1
0
Fork 0
arangodb/Documentation/Books/Users/IndexHandling/IndexBasics.mdpp

205 lines
8.2 KiB
Plaintext

!SECTION Index basics
Indexes allow fast access to documents, provided the indexed attribute(s)
are used in a query. While ArangoDB automatically indexes some system
attributes, users are free to create extra indexes on non-system attributes
of documents.
A user-defined index is created on collection level.
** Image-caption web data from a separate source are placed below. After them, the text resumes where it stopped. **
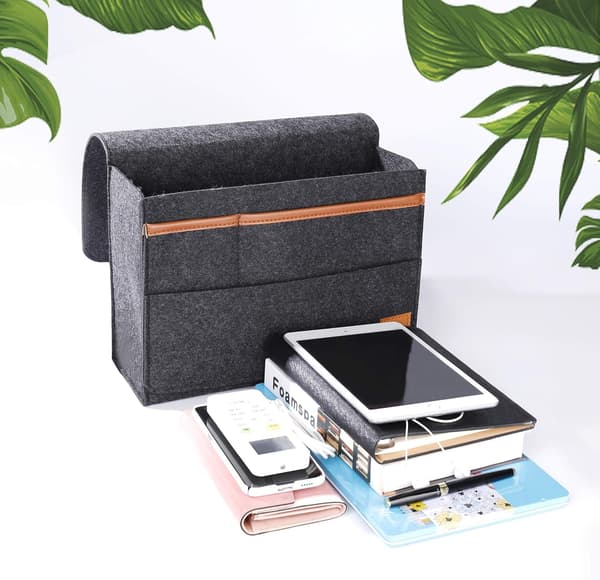 Grå Caddy Organizer, Sengeside Caddy Filt Sengeside Lomme Oppbevaring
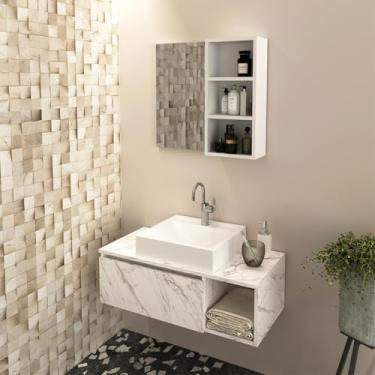 Imagem de Conjunto Banheiro Suspenso Mármore Branco com Cuba e Espelheira Branco Tecno Mobili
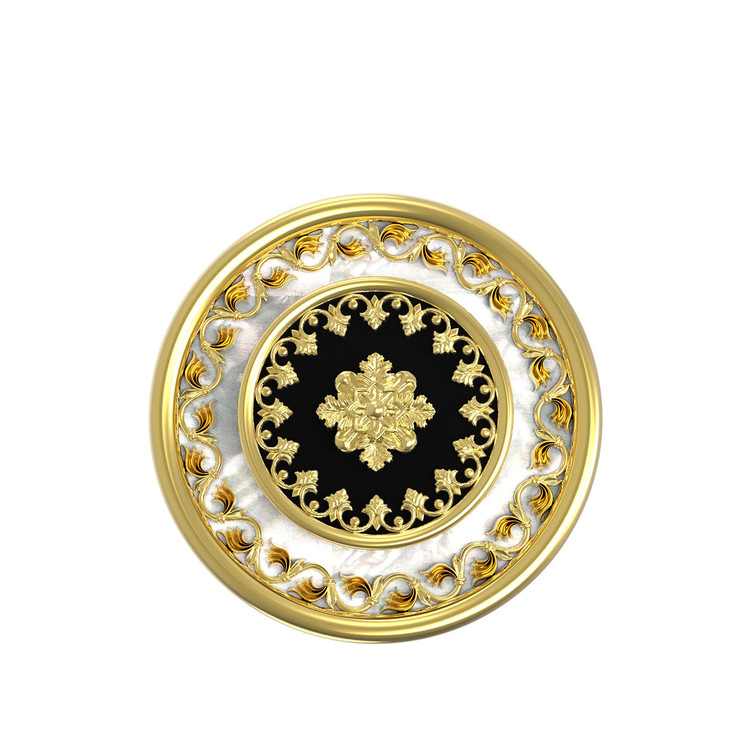 Кольцо из лимонного золота c ониксом и перламутром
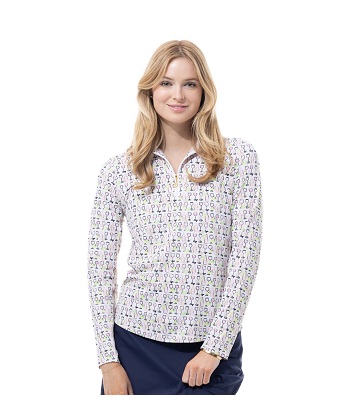 SanSoleil: Ladies Soltek Lux Long Sleeve Mock - 900621 livraison et retour toujours gratuits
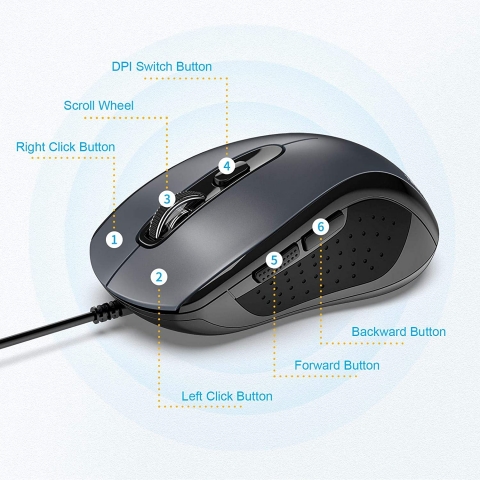 TECKNET Kablolu Ergonomik Mouse (Gri)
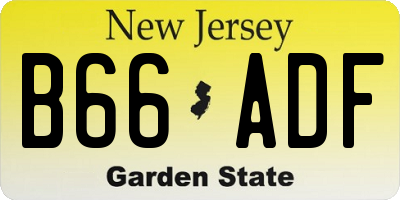 NJ license plate B66ADF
Most user-defined indexes
can be created by specifying the names of the attributes which should be indexed.
Some index types allow indexing just one attribute (e.g. fulltext index) whereas
other index types allow indexing multiple attributes at the same time.
The system attributes `_id`, `_key`, `_from` and `-to` are automatically indexed
by ArangoDB, without the user being required to create extra indexes for them.
Therefore, indexing `_id`, `_key`, `_rev`, `_from`, and `_to` in a user-defined
index is often not required and is currently not supported by ArangoDB.
ArangoDB provides the following index types:
!SUBSECTION Primary Index
For each collection there will always be a *primary index* which is a hash index
for the [document keys](../Glossary/README.html#document_key) (`_key` attribute)
of all documents in the collection. The primary index allows quick selection
of documents in the collection using either the `_key` or `_id` attributes.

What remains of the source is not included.